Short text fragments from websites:

*** Block opens ***

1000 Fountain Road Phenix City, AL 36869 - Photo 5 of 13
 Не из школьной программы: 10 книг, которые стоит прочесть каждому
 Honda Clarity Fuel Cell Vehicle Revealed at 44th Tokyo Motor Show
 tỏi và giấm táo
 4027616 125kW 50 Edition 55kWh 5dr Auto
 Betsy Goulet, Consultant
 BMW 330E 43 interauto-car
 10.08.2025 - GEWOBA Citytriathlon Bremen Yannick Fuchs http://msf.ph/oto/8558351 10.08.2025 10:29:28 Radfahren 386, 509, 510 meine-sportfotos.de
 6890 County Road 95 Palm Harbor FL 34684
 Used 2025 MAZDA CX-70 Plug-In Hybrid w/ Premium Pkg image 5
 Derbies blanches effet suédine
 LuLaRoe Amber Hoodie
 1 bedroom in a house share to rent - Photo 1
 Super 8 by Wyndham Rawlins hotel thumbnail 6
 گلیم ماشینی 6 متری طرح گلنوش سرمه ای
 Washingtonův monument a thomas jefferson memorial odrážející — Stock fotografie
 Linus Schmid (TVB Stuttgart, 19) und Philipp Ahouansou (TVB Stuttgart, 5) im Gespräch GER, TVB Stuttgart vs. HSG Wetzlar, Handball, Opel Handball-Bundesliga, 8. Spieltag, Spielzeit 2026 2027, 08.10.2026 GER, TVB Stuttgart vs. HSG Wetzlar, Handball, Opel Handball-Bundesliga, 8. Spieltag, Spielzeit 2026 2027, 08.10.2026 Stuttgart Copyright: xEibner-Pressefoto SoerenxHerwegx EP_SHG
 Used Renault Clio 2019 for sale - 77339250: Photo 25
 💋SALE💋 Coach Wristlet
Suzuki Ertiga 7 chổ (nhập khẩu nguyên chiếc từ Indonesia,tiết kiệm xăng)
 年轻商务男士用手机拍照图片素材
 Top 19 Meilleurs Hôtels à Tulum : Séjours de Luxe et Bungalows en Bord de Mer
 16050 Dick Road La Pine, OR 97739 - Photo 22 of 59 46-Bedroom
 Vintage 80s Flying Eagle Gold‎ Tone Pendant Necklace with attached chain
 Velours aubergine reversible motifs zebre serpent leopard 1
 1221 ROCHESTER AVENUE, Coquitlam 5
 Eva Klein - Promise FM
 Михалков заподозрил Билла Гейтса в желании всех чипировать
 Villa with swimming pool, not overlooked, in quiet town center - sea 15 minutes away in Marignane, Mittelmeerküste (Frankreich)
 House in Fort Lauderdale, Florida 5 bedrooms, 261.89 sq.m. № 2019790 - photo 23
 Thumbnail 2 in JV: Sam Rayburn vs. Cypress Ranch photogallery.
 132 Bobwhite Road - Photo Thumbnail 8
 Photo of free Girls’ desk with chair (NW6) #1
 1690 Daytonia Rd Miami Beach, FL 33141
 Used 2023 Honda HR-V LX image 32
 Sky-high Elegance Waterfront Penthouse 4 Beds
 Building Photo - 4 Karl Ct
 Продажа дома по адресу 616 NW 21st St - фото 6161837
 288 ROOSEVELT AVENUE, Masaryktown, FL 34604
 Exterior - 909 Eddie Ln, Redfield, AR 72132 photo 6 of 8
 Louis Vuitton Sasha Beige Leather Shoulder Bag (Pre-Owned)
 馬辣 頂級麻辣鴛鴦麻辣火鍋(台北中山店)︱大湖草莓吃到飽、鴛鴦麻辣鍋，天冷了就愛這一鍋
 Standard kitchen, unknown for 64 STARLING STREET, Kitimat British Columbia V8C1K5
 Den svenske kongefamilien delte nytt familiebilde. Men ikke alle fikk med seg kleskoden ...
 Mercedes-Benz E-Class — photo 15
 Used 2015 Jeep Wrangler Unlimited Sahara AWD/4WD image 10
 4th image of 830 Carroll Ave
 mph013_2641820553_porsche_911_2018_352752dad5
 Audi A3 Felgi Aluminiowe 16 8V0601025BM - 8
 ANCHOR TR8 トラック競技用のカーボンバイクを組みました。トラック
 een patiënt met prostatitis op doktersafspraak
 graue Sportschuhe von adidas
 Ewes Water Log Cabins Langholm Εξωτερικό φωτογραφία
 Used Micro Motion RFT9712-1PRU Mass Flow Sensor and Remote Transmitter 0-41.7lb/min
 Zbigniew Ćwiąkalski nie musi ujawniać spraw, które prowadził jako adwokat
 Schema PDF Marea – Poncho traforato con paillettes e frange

*** Block closes ***

Extract the first line above and each line after it up to and including the one with "Linus Schmid (TVB", please, exactly and with nothing else.

Response area:
1000 Fountain Road Phenix City, AL 36869 - Photo 5 of 13
 Не из школьной программы: 10 книг, которые стоит прочесть каждому
 Honda Clarity Fuel Cell Vehicle Revealed at 44th Tokyo Motor Show
 tỏi và giấm táo
 4027616 125kW 50 Edition 55kWh 5dr Auto
 Betsy Goulet, Consultant
 BMW 330E 43 interauto-car
 10.08.2025 - GEWOBA Citytriathlon Bremen Yannick Fuchs http://msf.ph/oto/8558351 10.08.2025 10:29:28 Radfahren 386, 509, 510 meine-sportfotos.de
 6890 County Road 95 Palm Harbor FL 34684
 Used 2025 MAZDA CX-70 Plug-In Hybrid w/ Premium Pkg image 5
 Derbies blanches effet suédine
 LuLaRoe Amber Hoodie
 1 bedroom in a house share to rent - Photo 1
 Super 8 by Wyndham Rawlins hotel thumbnail 6
 گلیم ماشینی 6 متری طرح گلنوش سرمه ای
 Washingtonův monument a thomas jefferson memorial odrážející — Stock fotografie
 Linus Schmid (TVB Stuttgart, 19) und Philipp Ahouansou (TVB Stuttgart, 5) im Gespräch GER, TVB Stuttgart vs. HSG Wetzlar, Handball, Opel Handball-Bundesliga, 8. Spieltag, Spielzeit 2026 2027, 08.10.2026 GER, TVB Stuttgart vs. HSG Wetzlar, Handball, Opel Handball-Bundesliga, 8. Spieltag, Spielzeit 2026 2027, 08.10.2026 Stuttgart Copyright: xEibner-Pressefoto SoerenxHerwegx EP_SHG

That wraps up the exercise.